Kamis, 01 April 2010

TUGAS ushul FIQIH (jannah) dasar hukum ISlam

Hukum menurut bahasa ialah menetapkan sesuatu atas yang lain. Menurut syara’ hukum ialah firman Pembuat Syara’ yang berhubungan dengan perbuatan orang dewasa yang mengandung tuntutan, membolehkan sesuatu, atau menjadikan sesuatu sebagai adanya yang lain. Sedangkan menurut fiqih, hukum ialah akibat dari kandungan firman Pembuat hukum. Dan menurut ushul fiqih, hukum ialah firman dari Pembuat Syara’ itu sendiri, baik firman Tuhan atau sabda nabi. Dengan demikian, tidak boleh diartikan bahwa hukum syara’ hanya berupa firman yang semata-mata datang dari Pembuat Syara’, tanpa memasukkan dalil-dalil syara’ lain seperti, ijma, qiyas, dan lain-lain. Hukum terbagi menjadi dua, yaitu:

1. Hukum Taklifi, yaitu firman yang menjadi ketetapan, yang terdiri atas:
a. Ijab, yaitu firman yang menuntut sesuatu perbuatan dengan tuntutan yang pasti.
b. Nadb, yaitu firman yang menuntut sesuatu perbuatan dengan tuntutan yang tidak pasti.
c. Tahrim, yaitu firman yang menuntut meninggalkan sesuatu perbuatan dengan tuntutan yang pasti.
d. Karahah, yaitu firman yang menuntut meninggalkan sesuatu perbuatan dengan tuntutan yang tidak pasti.
e. Ibadah, yaitu firman yang membolehkan sesuatu untuk diperbuat ataupun ditinggalkan.

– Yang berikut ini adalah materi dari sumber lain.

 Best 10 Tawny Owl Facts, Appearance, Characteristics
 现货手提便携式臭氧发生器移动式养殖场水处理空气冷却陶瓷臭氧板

Kelimanya disebut sebagai taklifiyah yang berarti tuntutan atau memberi beban. 3
2. Hukum Wadh’i, yaitu firman yang menjadikan sesuatu sebagai sebab adanya yang lain, atau sebagai syarat yang lain, atau sebagai penghalang.

Hukum wadh’i terdiri atas:
a. Sebab, yaitu sesuatu yang terang dan tertentu yang dijadikan sebagai pangkal adanya hukum. Artinya, dengan adanya sebab maka dengan sendirinya akan terbentuk hukum (musabab).

Sebab terbagi atas:
1) Sebab diluar usaha atau kesanggupan mukallaf.
2) Sebab yang disanggupi dan dapat diusahakan oleh mukallaf.

Mengerjakan sebab berarti menghendaki dan mengerjakan musababnya, baik disadari ataupun tidak. Orang yang mengerjakan sebab dengan sempurna maka orang tersebut tidak bisa mengelakkan diri dari musababnya.
b. Syarat, yaitu sesuatu yang karenanya baru ada hukum, dan dengan ketiadaannya tidak akan ada hukum.

Syarat terbagi atas:
1) Syarat haqiqi (syar’i), yaitu suatu pekerjaan yang diperintahkan syari’at sebelum mengerjakan yang lain, dan pekerjaan yang lain ini tidak diterima apabila tidak melakukan pekerjaan yang pertama.
2) Syarat ja’li, yaitu segala hal yang dijadikan syarat oleh perbuatannya untuk mewujudkan perbuatan yang lain. Syarat ja’li terbagi atas:
a) syarat penyempurnaan adanya masyrut (syarat yang lain).
b) syarat yang tidak cocok dengan maksud masyrut dan berlawanan dengan hikmahnya.
c) syarat yang tidak nyata-nyata berlawanan atau tidak nyata-nyata sesuai dengan masyrut.
4
d) suatu pekerjaan yang tergantung pada sebab dan syarat, di mana sebab telah ada tetapi syarat belum ada, maka pekerjaan tersebut tidak dapat dilakukan.
c. Mani’ (Penghalang), yaitu sesuatu hal yang karena adanya menyebabkan tidak adanya hukum atau tidak adanya sebab bagi hukum.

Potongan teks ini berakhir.